Study shows low-dose chemotherapy regimens could prevent tumor recurrence in some cancers
Conventional, high-dose chemotherapy treatments can cause the fibroblast cells surrounding tumors to secrete proteins that promote the tumors' recurrence in more aggressive forms, researchers at Taipei Medical University and the National Institute of Cancer Research in Taiwan and University of California, San Francisco, have discovered. Frequent, low-dose chemotherapy regimens avoid this effect and may therefore be more effective at treating certain types of breast and pancreatic cancer, according to the murine study "Metronomic chemotherapy prevents therapy-induced stromal activation and induction of tumor-initiating cells," which will be published online November 23 in The Journal of Experimental Medicine.
Chemotherapy drugs are usually administered to cancer patients every few weeks at a high "maximum tolerated" dose. Though this approach kills the majority of tumor cells, it often spares a small number of tumor-initiating cells (TICs) that subsequently give rise to new tumors. Moreover, these recurring tumors are often more aggressive and able to metastasize to other tissues, in part because high doses of chemotherapy drugs also affect cells in the stromal tissue that surrounds tumors, including immune cells and blood vessel endothelial cells.
Kelvin Tsai at Taipei Medical University and Valerie Weaver at the University of California, San Francisco, decided to investigate the effect of chemotherapy on fibroblasts, a major component of the stroma in desmoplastic tumors such as breast cancer and pancreatic ductal adenocarcinoma.
The researchers found that, in response to the maximum tolerated doses of several commonly used chemotherapy drugs, breast cancer-associated fibroblasts secrete large amounts of cell signaling proteins called ELR+ chemokines. These proteins promoted tumor growth and metastasis in mice by converting neighboring cancer cells into TICs, stimulating the formation of blood vessels within the tumor and enhancing the recruitment of immune cells called macrophages.
Recent studies have suggested that treating patients with low doses of chemotherapy drugs at more frequent, even daily, intervals may be more effective than traditional chemotherapeutic approaches. Tsai and colleagues found that such "low-dose metronomic" regimens did not induce the production of ELR+ chemokines by cancer-associated fibroblasts.
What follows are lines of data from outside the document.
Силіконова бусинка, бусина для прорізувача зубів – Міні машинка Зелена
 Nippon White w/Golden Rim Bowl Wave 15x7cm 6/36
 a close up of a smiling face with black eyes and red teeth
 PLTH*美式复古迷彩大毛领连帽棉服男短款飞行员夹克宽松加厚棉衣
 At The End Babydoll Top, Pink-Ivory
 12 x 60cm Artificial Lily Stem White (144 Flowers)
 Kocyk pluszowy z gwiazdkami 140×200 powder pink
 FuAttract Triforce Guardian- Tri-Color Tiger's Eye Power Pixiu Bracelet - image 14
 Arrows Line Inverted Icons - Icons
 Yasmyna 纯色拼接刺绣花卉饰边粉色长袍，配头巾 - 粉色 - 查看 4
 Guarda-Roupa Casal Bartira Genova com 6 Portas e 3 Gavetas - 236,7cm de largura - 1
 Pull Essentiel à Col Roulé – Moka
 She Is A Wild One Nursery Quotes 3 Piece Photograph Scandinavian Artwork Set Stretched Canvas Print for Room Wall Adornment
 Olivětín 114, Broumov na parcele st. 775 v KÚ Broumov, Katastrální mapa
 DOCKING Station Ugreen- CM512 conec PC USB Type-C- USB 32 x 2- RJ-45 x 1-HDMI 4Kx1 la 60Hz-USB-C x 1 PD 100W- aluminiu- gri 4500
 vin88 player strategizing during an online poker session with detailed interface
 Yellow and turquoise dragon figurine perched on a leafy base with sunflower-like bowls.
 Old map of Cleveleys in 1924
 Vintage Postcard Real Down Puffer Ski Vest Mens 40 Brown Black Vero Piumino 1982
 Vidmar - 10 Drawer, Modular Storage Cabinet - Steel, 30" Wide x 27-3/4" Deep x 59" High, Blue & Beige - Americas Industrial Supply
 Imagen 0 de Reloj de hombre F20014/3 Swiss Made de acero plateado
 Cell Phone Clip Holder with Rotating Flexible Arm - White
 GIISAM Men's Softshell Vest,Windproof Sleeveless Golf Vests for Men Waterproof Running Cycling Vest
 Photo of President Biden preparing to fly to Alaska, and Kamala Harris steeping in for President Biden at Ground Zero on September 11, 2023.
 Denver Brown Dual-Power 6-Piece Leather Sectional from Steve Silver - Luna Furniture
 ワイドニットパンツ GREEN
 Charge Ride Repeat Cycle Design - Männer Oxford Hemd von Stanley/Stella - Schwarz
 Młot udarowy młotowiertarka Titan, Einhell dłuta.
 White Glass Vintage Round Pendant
This, in turn, reduced the fibroblasts' ability to promote TIC formation, blood vessel growth, and macrophage recruitment.
Mice with breast cancer or pancreatic ductal adenocarcinoma therefore responded better to low-dose metronomic chemotherapy, surviving longer than mice treated with the maximum tolerated dose. "Our results lend support to the emerging paradigm that stroma-derived signals contribute to tumor pathology," Tsai says. "They also suggest that low-dose metronomic chemotherapy or targeting the chemokine signaling mediated by chemo-treated fibroblasts may improve the therapeutic outcome in desmoplastic cancers."